Haralio aveva ripreso i sensi. Sostenne lo sguardo di Katherine e scosse la testa. «Sapevo che Jeremiah si era autoincoronato sacerdote ma non avevo idea del suo piano. L’ho intuito appena mi è stato sottratto lo scettro che apre le porte dell’Ade e ne ho avuto conferma quando siete venuti da me e mi avete mostrato le immagini dei doni votivi. Quella sera ho capito che avrebbe eseguito il rito.» La sua voce era roca e le labbra si muovevano appena. Sembrava che facesse fatica a parlare per il gonfiore che gli deformava la faccia. «Per fermarlo avevo bisogno di Jethro, ma non potevo raccontarvi come stavano le cose, perché non sapevo quanto i due fratelli fossero in contatto: sarebbe bastata una telefonata di Jethro a Jeremiah per mandare tutto all’aria. Se Jeremiah si fosse allarmato, avrebbe aumentato la sicurezza dell’isola e io non sarei riuscito ad avvicinarmi e ad arrivare fin qui…»
«Fanculo!» sbraitò Katherine. «Fanculo tutti e due!» Katherine non aveva più intenzione di stare ad ascoltare. Nessuna spiegazione avrebbe sedato il suo spirito. Desiderava solo vederli soffrire e morire entrambi.
Un rumore scosse l’aria. Katherine si guardò intorno. «Cos’è?»
«È giunta l’ora.»
Katherine intuì ed ebbe un fremito.
«Ho programmato le campane della chiesa. Suonano le cinque e quarantacinque del mattino. Il Sole sta per toccare la Terra.» Jeremiah chiuse gli occhi e strinse il pugnale.
«No!» urlò Katherine con tutto il fiato che aveva nei polmoni.
I rintocchi erano lenti e pesanti e Katherine non poté fare a meno di pensare che fossero le campane dell’Oltretomba.

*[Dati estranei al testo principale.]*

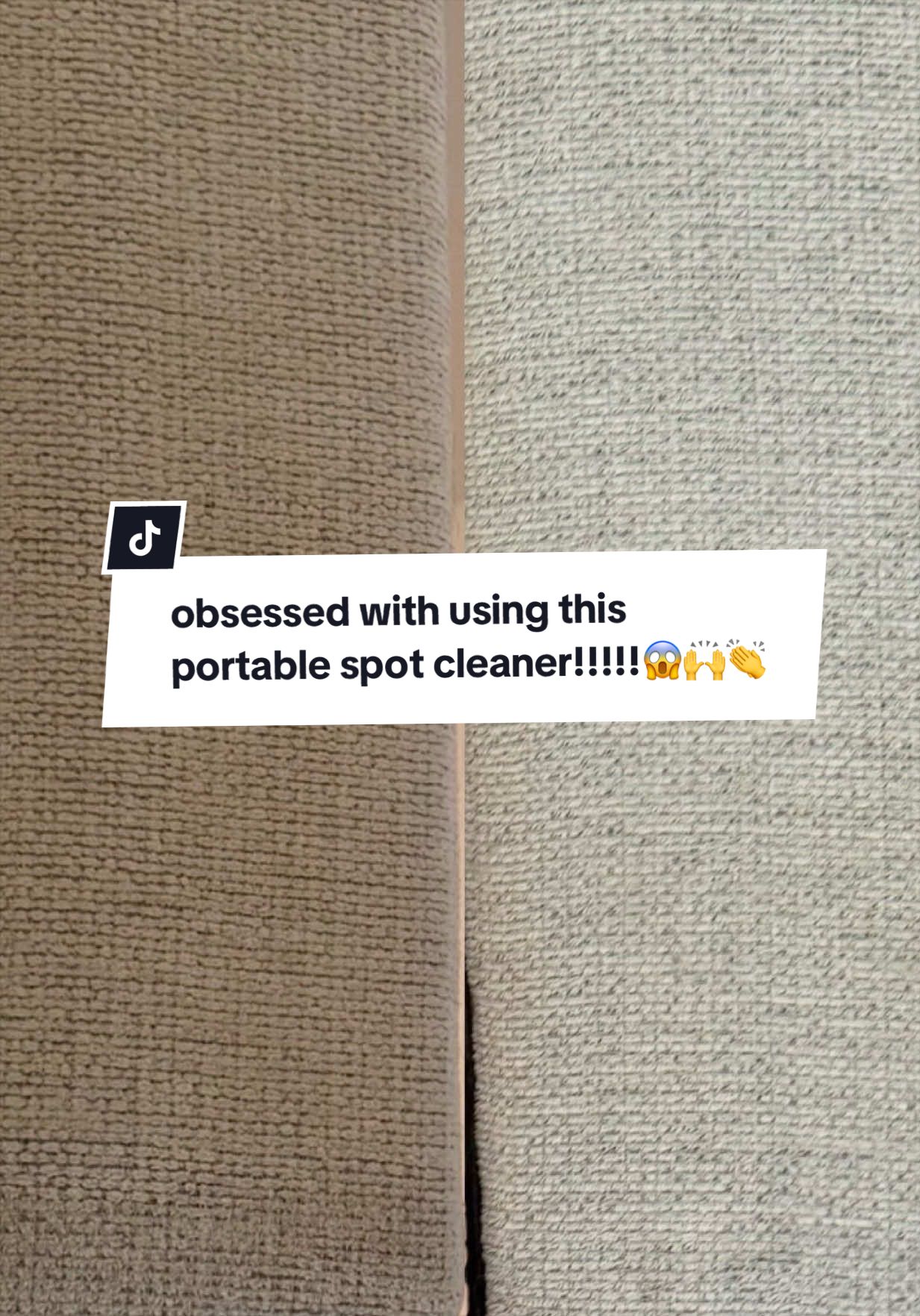 TikTok post by @luluthechonk for REDHUT. Caption reads: [...] home, deep set stains too. I'm using the....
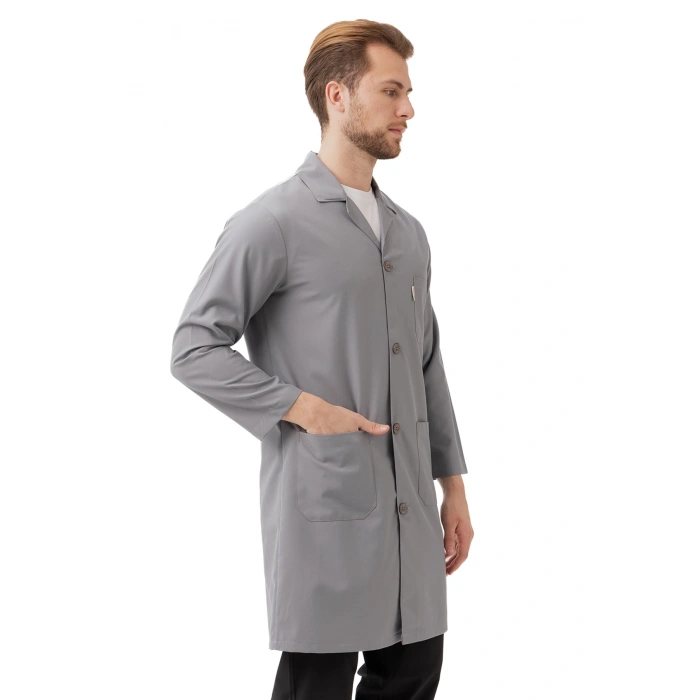 Vanessa Erkek Önlük Klasik Yaka Uzun Kollu Dayanıklı Ve Rahat İş Önlüğü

Jeremiah si estraniò. Il suo volto si distese in un’espressione assorta ma serena, come se tutto ciò che lo circondava fosse svanito. Con la punta della lama incise il tessuto della tunica di Bianca fino all’ombelico. Separò i due lembi e lasciò la ragazza a petto nudo.
«Fermati!» Katherine si mise a strisciare sul pavimento per raggiungerlo. Era legata e ferita, sapeva che non avrebbe potuto nulla contro di lui. Ma non sarebbe restata a guardare. Mani e piedi spingevano contro la pietra, le gambe si tendevano per poi piegarsi e distendersi ancora, e guadagnare terreno. Non te lo lascerò fare! Il dolore e la fatica erano anestetizzati dall’impeto di annientarlo.

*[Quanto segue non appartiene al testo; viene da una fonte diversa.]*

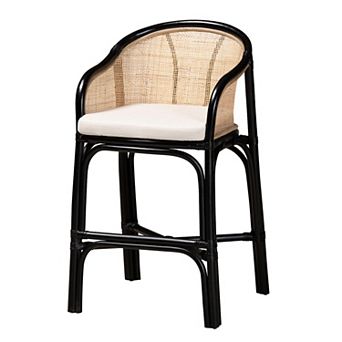 bali & pari Miranda Natural Rattan Counter Stool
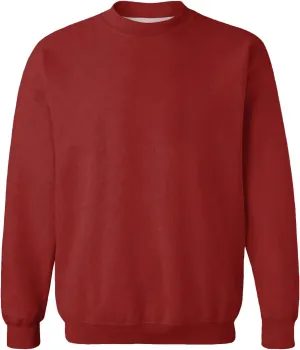 Mens Crewneck Sweatshirts Soft Long Sleeve Pullover Shirts Lightweigt Sweat Shirt Breathable Pullover Sweater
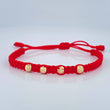 Pulsera Tejida Roja 0.5gr / Oro Amarillo 18K &
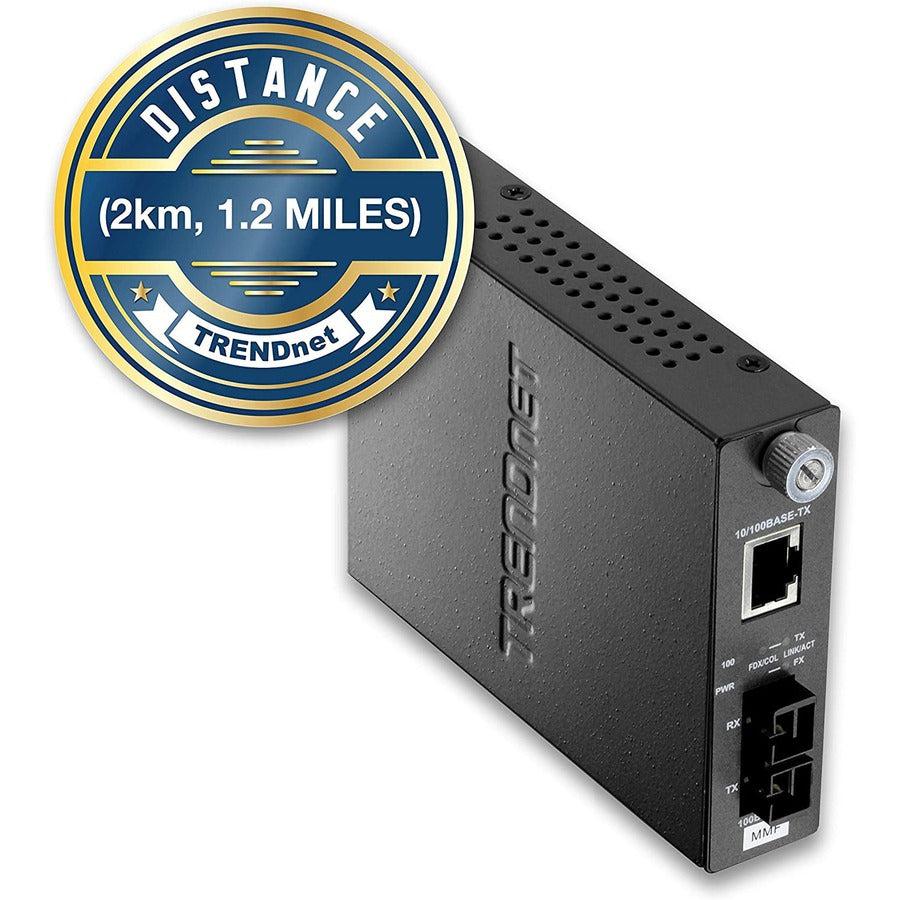 Trendnet Tfc-110Msc Network Media Converter 200 Mbit/S 1300 Nm Multi-Mode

Era quasi a un metro di distanza dall’altare. Portò le caviglie vicino ai glutei e contrasse gli addominali. Digrignò i denti e raccolse le ultime energie per mettersi in ginocchio. Appena sollevò il sedere da terra per scaraventarsi con la testa contro le gambe di Jeremiah, qualcosa la trattenne e la ribaltò all’indietro. Solo allora si accorse che la corda che le legava polsi e caviglie era ancorata al trono di pietra.
«Nooo!» Katherine diede sfogo a tutta la frustrazione che provava. Si divincolò. Cadde, si rialzò e si lanciò ancora in avanti, tendendo di nuovo la fune. Si agitava senza darsi pace, mentre le lacrime le inondavano il viso e il sangue pulsava talmente forte da squarciarle le vene.
Si ritrovò a pregare. Mio dio, fermalo… ti supplico, fermalo.
Ripensò al sorriso di suo padre quando le diceva che l’animo umano si aggrappa a dio solo nei momenti di difficoltà. E pianse ancora più forte.
Jeremiah alzò le braccia al cielo, avvicinò il pugnale alle labbra e cominciò a pronunciare parole incomprensibili.
Mio dio, fermalo… ti supplico, fermalo. Katherine continuava a pregare e non distoglieva lo sguardo da lui, nella speranza che i propri occhi potessero fulminarlo.
Poi un calcio la colpì alla schiena.
Si rese conto che era Haralio solo quando lo vide inciampare e barcollare su di lei prima di piombare addosso a Jeremiah.